Opinion
Strange bedfellows
Politics will become more interesting once it expands from the streets into the realm of ideasDeepak Thapa
If indeed politics makes strange bedfellows, we have seen it all in Nepal.
Sher Bahadur Deuba kick-started the process in post-1990 Nepal, when he rehabilitated the former votaries of the Panchayat system, who had metamorphosed into the Rastriya Prajantra Party, and formed a coalition government with them. To spite and to oust him, the CPN-UML went one better and actually offered the prime ministerial throne to a former Pancha. That was, of course, the bad old days of a hung parliament when horse-trading had reached its pinnacle.
The New Nepal heralded in 2006 proved no better. Starting with the 12-point understanding between the Seven-Party Alliance and the CPN (Maoist) in November 2005 to the as-yet unconsummated seven-point agreement between the Nepali Congress and the CPN (Maoist Centre) and the countless other similarly verbose pacts in between, we have seen cohabitation arrangements that one would have thought were impossible. The strangest is perhaps the sight of two deputy prime ministers in the outgoing government—one of whom actually is virulently opposed to the new constitution, and another who would do anything to undermine one of its fundamental premises, federalism.
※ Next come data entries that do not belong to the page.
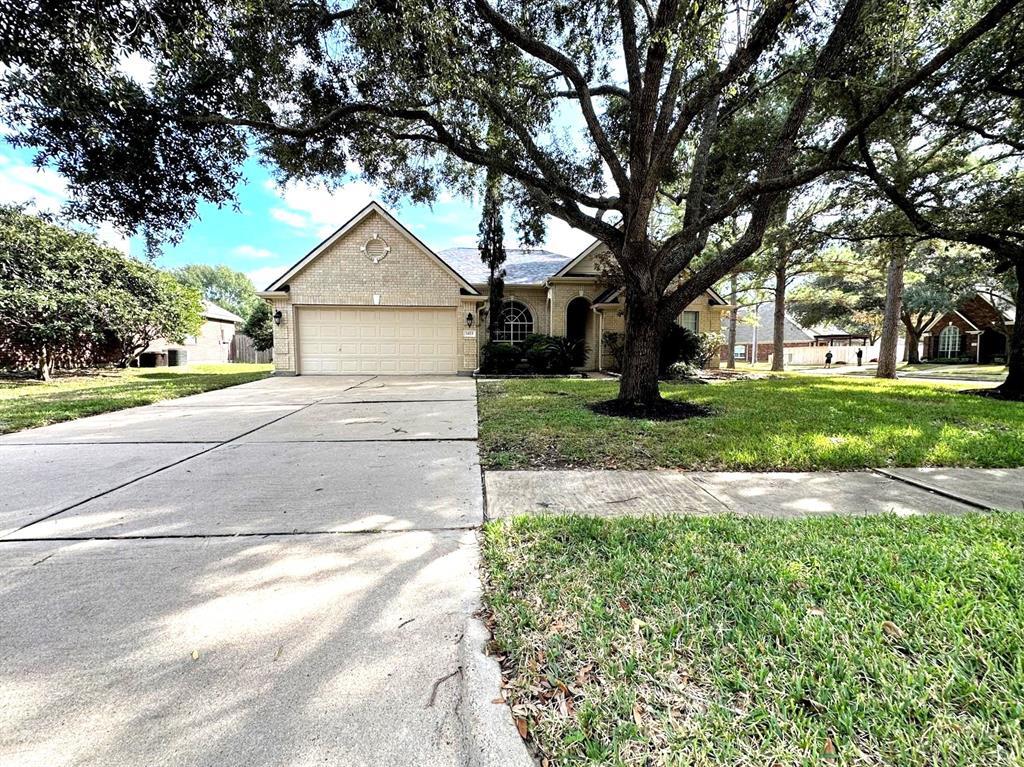 Primary Photo - 1423 Greenway Village Dr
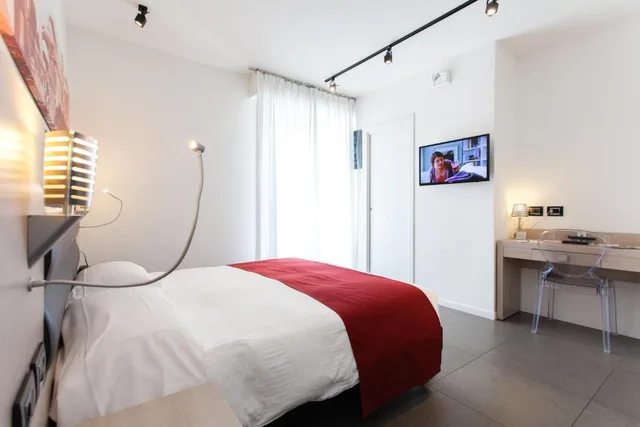 جناح مريح، HOTEL ADLON 1/2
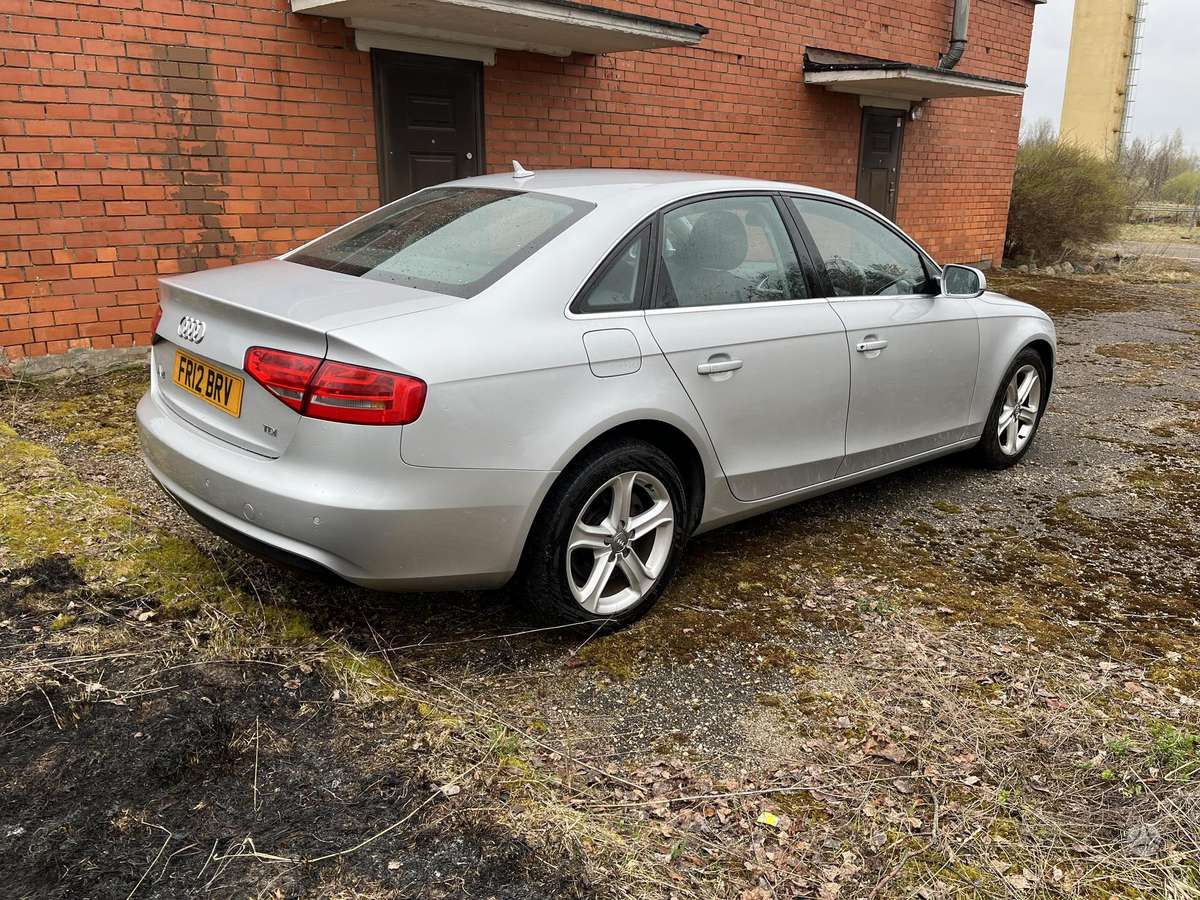 Audi A4, 2.0 l., Седан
Were things to go according to the Deuba-Prachanda plan, one of them will soon be ensconced in Baluwatar while the other bides his time to take over nine months later. The irony of this arrangement cannot be lost on anyone. For, it was 20 years ago that Prachanda and his party began an armed insurgency against the government led by Sher Bahadur Deuba. And, now they find themselves as comrades-in-arms.
There remains the question of the alternation as prime minister. Since it is mentioned nowhere in this brand newest of agreements, one would have to presume that there is once again a gentlemen’s agreement between the two former prime ministers. Given how discredited such an arrangement has been in the past two iterations—between Sushil Koirala and Oli, and between Oli and Prachanda—one can only hope that the newfound bonhomie between Deuba and Prachanda will also restore the standing of this most honourable of agreements.
The seat warmers
Before becoming prime minister, KP Oli had insisted that his all-too-apparent eagerness to lead the country was not driven by any ambition to have his portrait up in the gallery of prime ministers in Singha Durbar (a rogues’ gallery, as some wags would have it). After all, he was going to deliver the moon and everything that came with it to Nepal. Even though he tried to delude us, and seemingly himself, into believing that he was going to change the face of the country, he surely must have known that things were stacked against him from the very beginning; that it was only a matter of time before the ones waiting in the wings would begin to get restless. That has been the tragedy of Nepali politics—the main function of the chief executive of the country is limited to being the seat warmer for the next one lucky in this perennial game of musical chairs.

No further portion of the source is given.